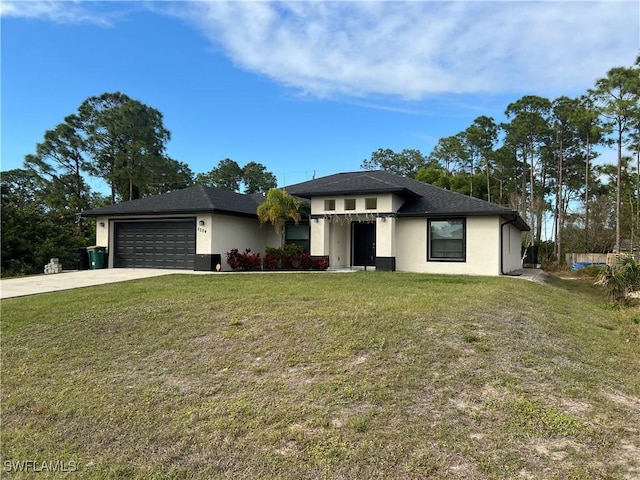 view of front of property featuring a garage and a front yard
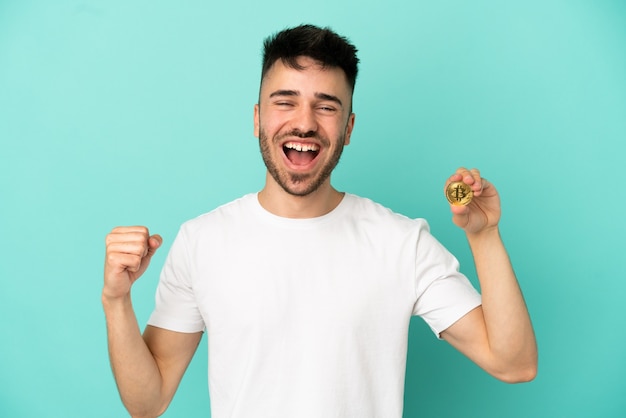 Young man holding a Bitcoin isolated on blue background celebrating a victory in winner position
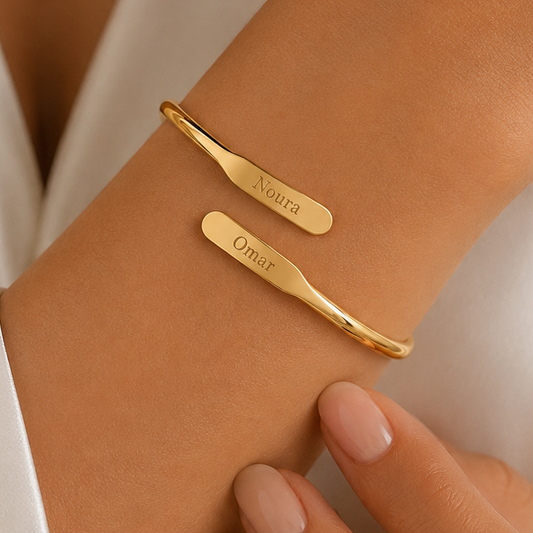 Two slim gold cuff bracelets engraved with the names 'Noura' and 'Omar', shown worn on a person's wrist with fingers visible.
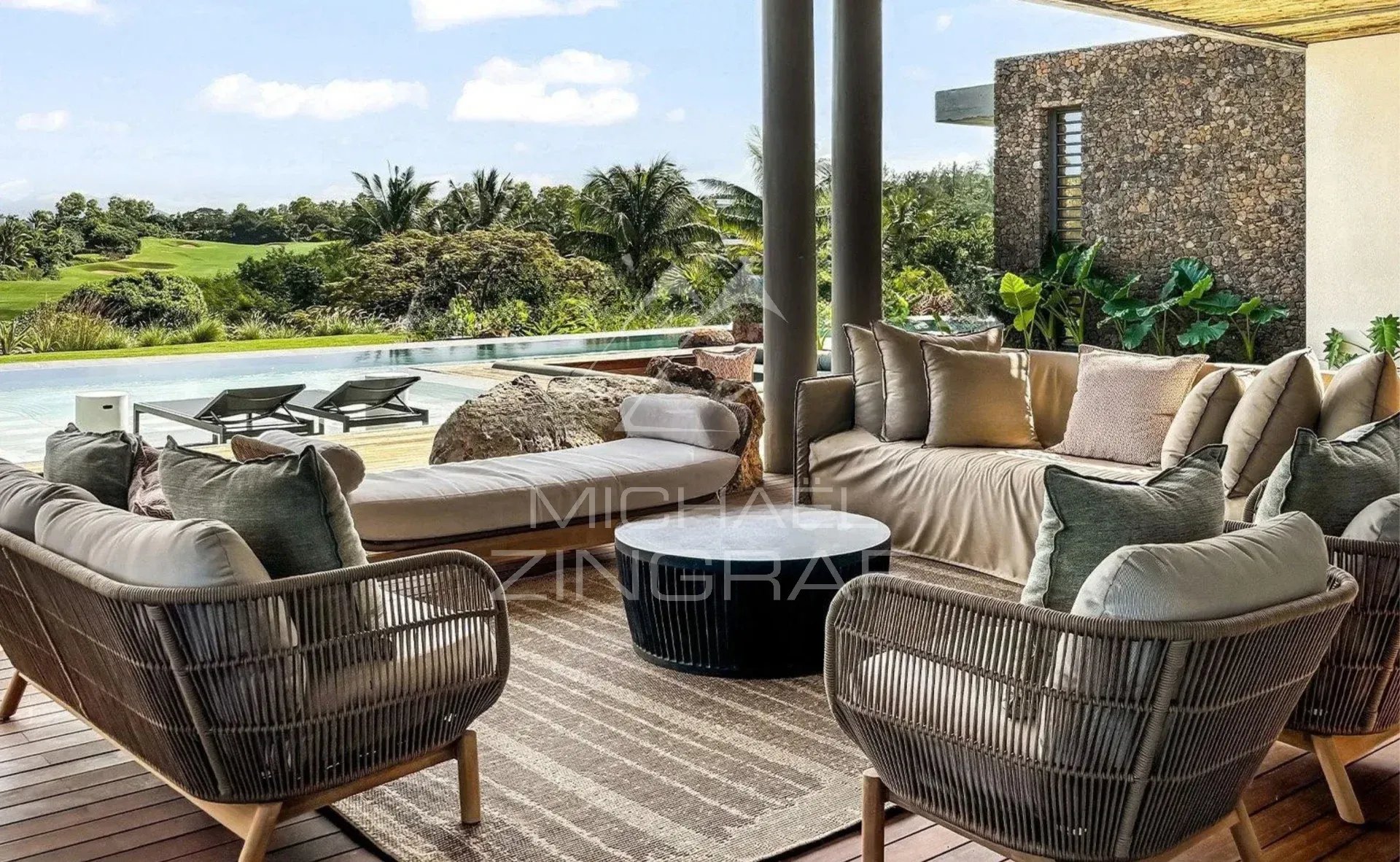 Terrace of a contemporary villa with garden furniture and a view of the golf course.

**Activity:**
To complete the exercise, return the listing above exactly and omit its pictures.

**Answer to this exercise:**
 view of front of property featuring a garage and a front yard
 Young man holding a Bitcoin isolated on blue background celebrating a victory in winner position
 Two slim gold cuff bracelets engraved with the names 'Noura' and 'Omar', shown worn on a person's wrist with fingers visible.
 Terrace of a contemporary villa with garden furniture and a view of the golf course.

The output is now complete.